The Government have said that the RTFO delivers about a third of the savings required for the UK’s current transport budget, and that last year the RTFO scheme saved carbon emissions equivalent to taking 2.5 million combustion engine-powered cars off the road. They have also said that the changes made by this order are estimated to deliver the equivalent of an additional 1.5 million cars by 2032. As we know, in 2019, road transport accounted for 24% of all greenhouse gas emissions and greenhouse gas emissions from transport have remained largely unchanged since 1990, as the noble Baroness, Lady Randerson, just reminded us.

How did the Government finally come to the conclusion that a five percentage point increase in the renewable fuel target between 2022 and 2032 would be sufficient in the transport sector to meet our greenhouse gas emission and climate change goals?

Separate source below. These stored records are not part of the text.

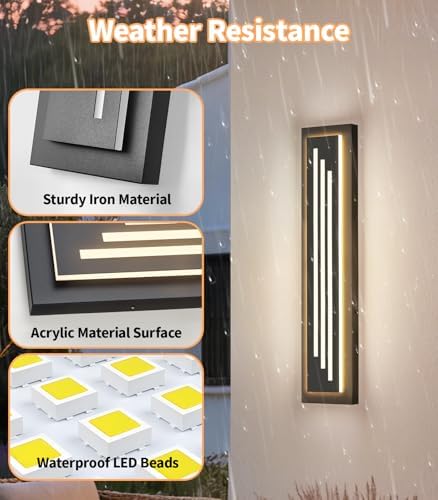 23.6'' LED Outdoor Wall Lights Modern Black Indoor Wall Sconce Lighting - Image 4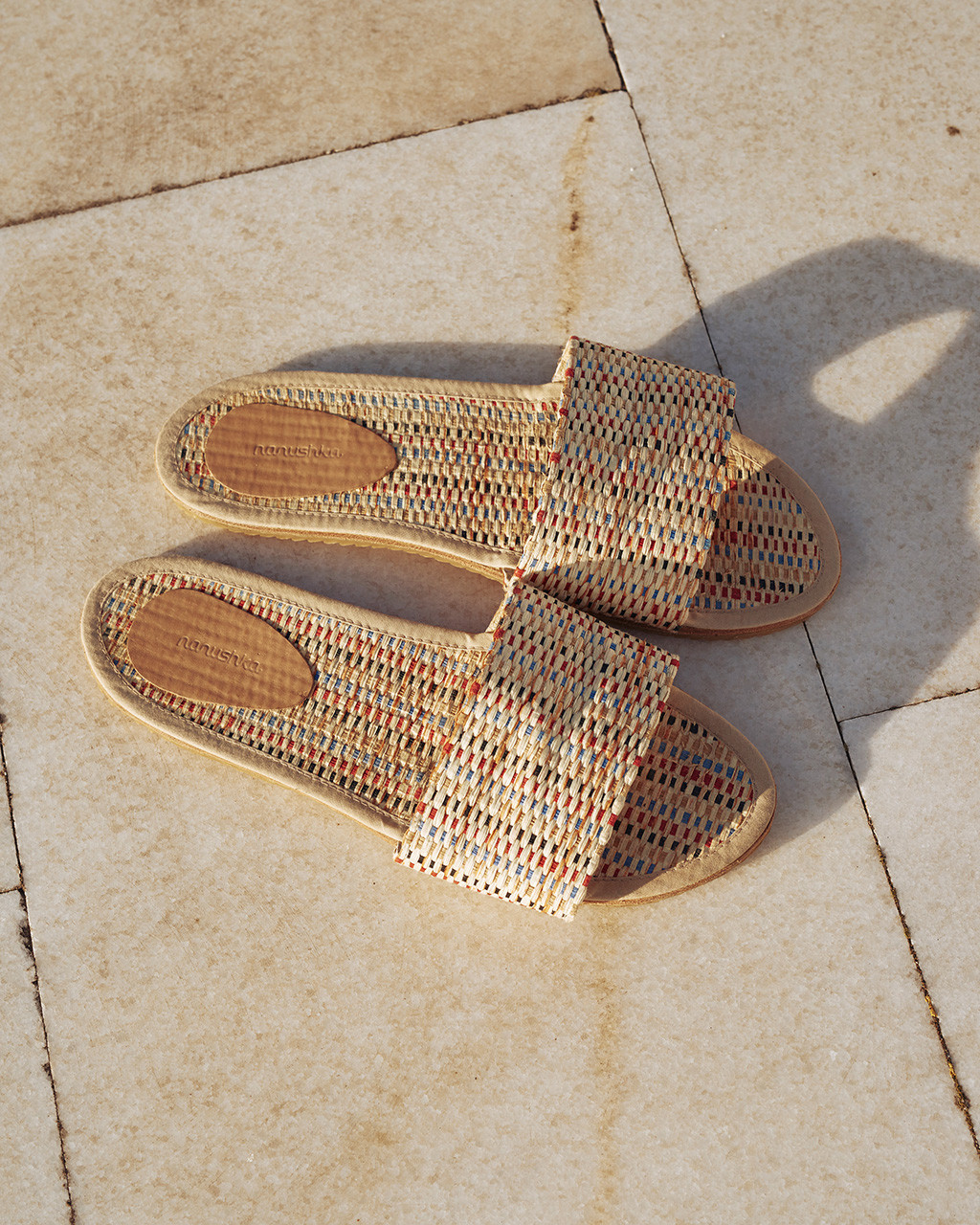 Nanushka | Flat slides in color straw with leather lining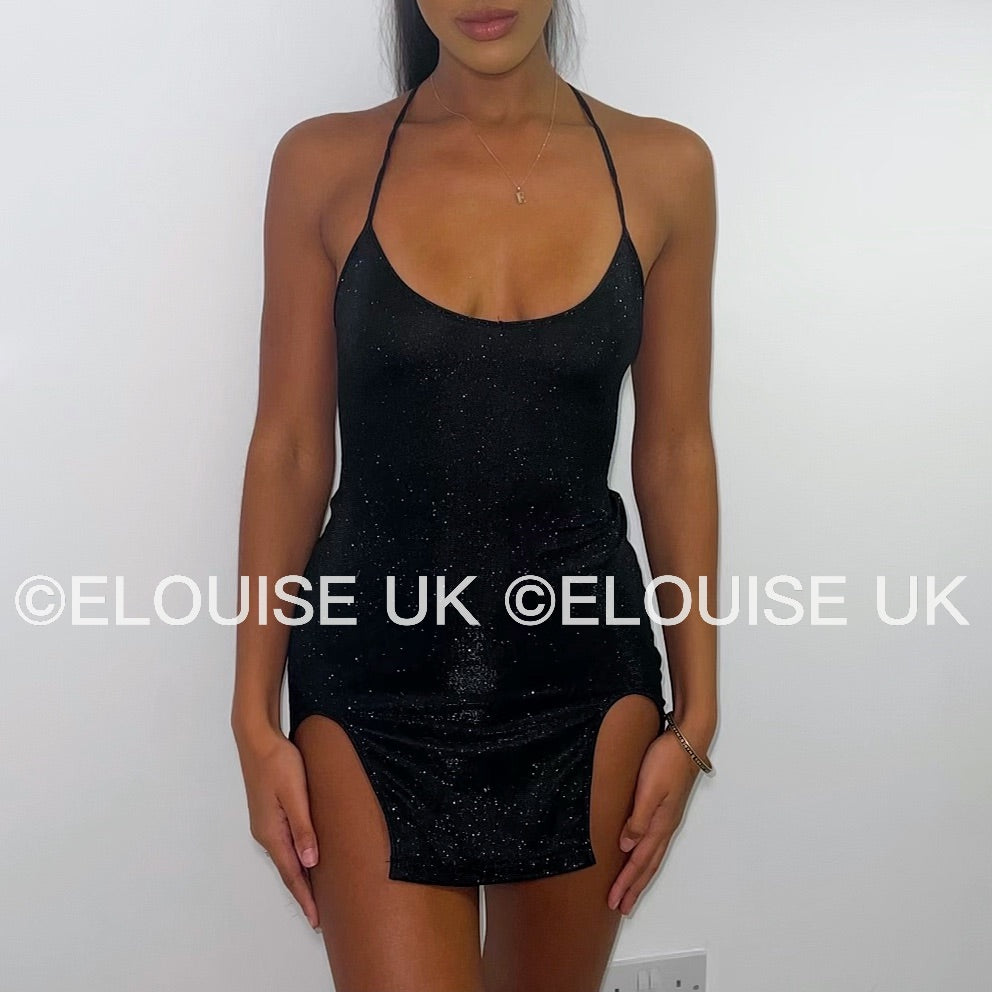 “ELSA” LACE UP BACK GLITTER DRESS - BLACK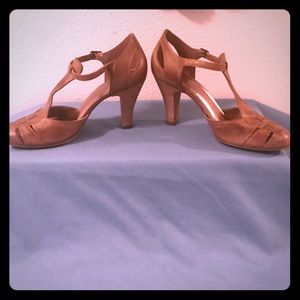 Leather Upper T-Strap Heels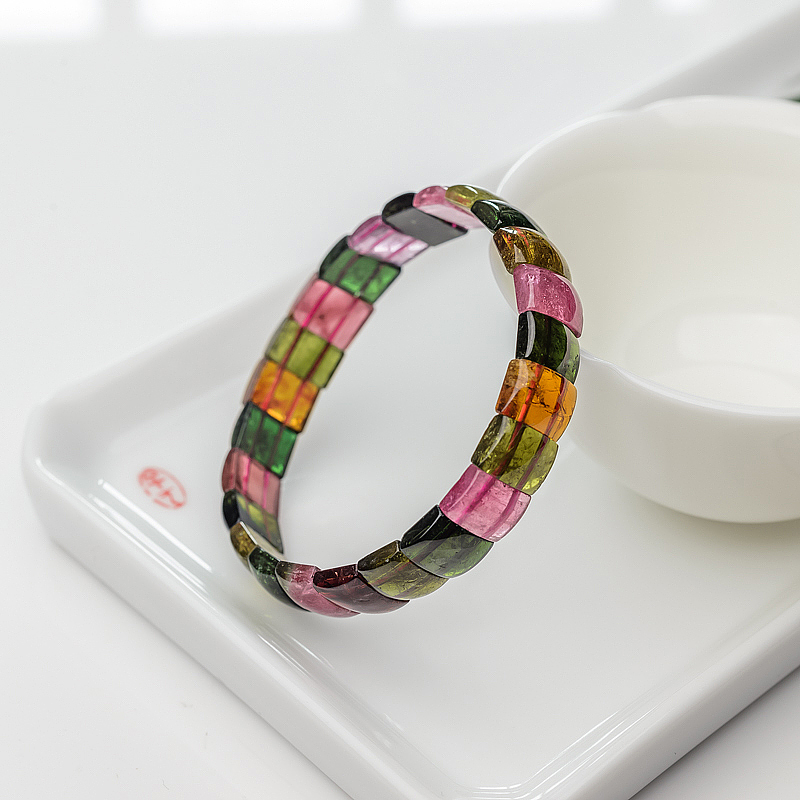 彩虹碧玺手串-红掌柜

What, if anything, happens after 2032?

The Government consulted on only three options: increasing the main obligation by 1.5, 2.5 or 5 percentage points, with the Department for Transport backing a 2.5 percentage point increase in the renewable fuel target. Paragraph 10.3 of the Explanatory Memorandum states:

“Of the 77 respondents that expressed a preference on the amount by which this target should increase, 61 supported an increase to the RTFO main obligation of 5 percentage points or more. These respondents included suppliers of renewable fuel who benefit from support under the certificate trading scheme, and suppliers of fossil fuel who must meet the targets. Those in support of an increase of 5 percentage points or more suggested this could provide long term certainty to industry and would provide a further contribution to the government’s commitment to net zero greenhouse gas emissions by 2050. Accordingly, the government has decided to increase the RTFO main obligation by a further 5 percentage points between 2022 and 2032.”


There appears to have been a greater commitment to the Government’s net-zero greenhouse gas emissions target by 2050 from the respondents to the consultation than there was from the Government themselves, which begs the question: does the order go far enough? Why did the order reject going beyond 5 percentage points, as some respondents clearly proposed, despite that not even being one of the three options the Government had offered?